**Goal of the exercise**
Every entry is to be printed again precisely as given.

○ ○ ○ ○

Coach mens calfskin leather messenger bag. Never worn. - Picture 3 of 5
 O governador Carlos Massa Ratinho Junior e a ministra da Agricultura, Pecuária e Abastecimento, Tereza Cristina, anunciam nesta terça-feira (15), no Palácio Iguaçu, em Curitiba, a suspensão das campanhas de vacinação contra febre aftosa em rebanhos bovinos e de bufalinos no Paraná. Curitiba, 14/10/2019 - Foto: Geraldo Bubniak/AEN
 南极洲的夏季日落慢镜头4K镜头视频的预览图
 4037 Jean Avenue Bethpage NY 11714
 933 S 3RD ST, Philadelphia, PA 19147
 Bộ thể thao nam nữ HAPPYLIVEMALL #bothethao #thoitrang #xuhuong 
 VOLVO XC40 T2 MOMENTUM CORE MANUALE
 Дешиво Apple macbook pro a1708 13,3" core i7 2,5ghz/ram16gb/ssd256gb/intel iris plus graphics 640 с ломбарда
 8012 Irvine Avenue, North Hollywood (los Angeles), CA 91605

○ ○ ○ ○

**Answer section**
Coach mens calfskin leather messenger bag. Never worn. - Picture 3 of 5
 O governador Carlos Massa Ratinho Junior e a ministra da Agricultura, Pecuária e Abastecimento, Tereza Cristina, anunciam nesta terça-feira (15), no Palácio Iguaçu, em Curitiba, a suspensão das campanhas de vacinação contra febre aftosa em rebanhos bovinos e de bufalinos no Paraná. Curitiba, 14/10/2019 - Foto: Geraldo Bubniak/AEN
 南极洲的夏季日落慢镜头4K镜头视频的预览图
 4037 Jean Avenue Bethpage NY 11714
 933 S 3RD ST, Philadelphia, PA 19147
 Bộ thể thao nam nữ HAPPYLIVEMALL #bothethao #thoitrang #xuhuong 
 VOLVO XC40 T2 MOMENTUM CORE MANUALE
 Дешиво Apple macbook pro a1708 13,3" core i7 2,5ghz/ram16gb/ssd256gb/intel iris plus graphics 640 с ломбарда
 8012 Irvine Avenue, North Hollywood (los Angeles), CA 91605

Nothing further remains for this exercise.